[EM] another CR/Approval method
Kevin Venzke
stepjak at yahoo.fr
Wed Sep 24 16:20:02 PDT 2003
I probably shouldn't have tacked this method description onto a reply to
Gervase, and anyway I have a couple of corrections to make to it, so I'll
post it again:
I wrote:
> The voter gives ratings to the candidates.
> mark all candidates as "viable."
> i=0 (keeps track of iterations)
> while more than two candidates are marked "viable":
> Every ballot is converted to an approval ballot, by approving all candidates
> preferred to the average rating (on that ballot) of all viable candidates.
> i=i+1
> mark all candidates "viable" except the "i" approval losers, who are marked
> "not viable."
> Elect the approval winner of the last iteration.
First I want to point out that the approval tallies are not preserved between
iterations. Once we find the "i" approval losers, the tallies are thrown out.
Also, the approval ballots MAY approve candidates who are no longer viable,
and those candidates can become viable again.
Instead of "while more than two candidates," it should say "while more than
one candidate," because otherwise we never count the ballots when only two
candidates are marked "viable." In making this change, we can finish the method
description with "Elect the viable candidate," because there will only be
one.
Also, it would be sensible for the (artificial) approval ballots to give a half
vote to candidates who lie precisely on the average, since there's no justification
either way to approve or disapprove such candidates.
So the method definition should go:
> The voter gives ratings to the candidates.
> mark all candidates as "viable."
> i=0 (keeps track of iterations)
> while more than one candidate is marked "viable":
[OR: "while (numberofcandidates - i) > 1:"]
> Every ballot is converted to an approval ballot, by approving all candidates
> preferred to the average rating (on that ballot) of all viable candidates,
> and giving half approval to candidates rated equal to that average rating.
> i=i+1
> mark all candidates "viable" except the "i" approval losers, who are marked
> "not viable."
> Discard all the approval votes.
[end of the while loop]
> Elect the only remaining "viable" candidate.
> The idea is that the voters begin in the dark when it comes to the odds, and
> initially probably approve too many candidates. But in each iteration, one
> more candidate is considered to have no odds. No one is eliminated, however.
>
> Personally I think such a method would be more stable than methods where the
> cutoff moves based on the rating of the current front-runner(s).

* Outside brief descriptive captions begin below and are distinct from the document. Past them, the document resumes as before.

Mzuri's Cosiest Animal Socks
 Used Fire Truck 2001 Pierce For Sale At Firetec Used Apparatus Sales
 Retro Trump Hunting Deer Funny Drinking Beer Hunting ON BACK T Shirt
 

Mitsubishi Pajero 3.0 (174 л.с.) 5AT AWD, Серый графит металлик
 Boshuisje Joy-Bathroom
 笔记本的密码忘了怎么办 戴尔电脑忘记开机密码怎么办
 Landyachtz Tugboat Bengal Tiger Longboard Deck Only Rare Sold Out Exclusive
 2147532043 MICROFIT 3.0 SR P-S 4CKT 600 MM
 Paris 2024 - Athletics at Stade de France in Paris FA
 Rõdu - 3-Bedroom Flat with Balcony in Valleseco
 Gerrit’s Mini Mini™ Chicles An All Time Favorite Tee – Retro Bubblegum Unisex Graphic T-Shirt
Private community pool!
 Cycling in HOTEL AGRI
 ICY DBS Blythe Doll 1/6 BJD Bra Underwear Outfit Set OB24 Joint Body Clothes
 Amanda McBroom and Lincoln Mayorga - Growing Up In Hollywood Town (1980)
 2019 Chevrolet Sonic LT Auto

I think this method is similar in spirit to Forest's Max Power method. Instead
of merging less consequential ranks, though, it flags (and can unflag) failing
candidates.
I like the method because it resolves cycles by looking at ratings. Suppose the
(ranked) ballots are 40 ABC, 35 BCA, 25 CAB. Any of those three could win in this
CR method, depending on which factions were more or less willing to compromise.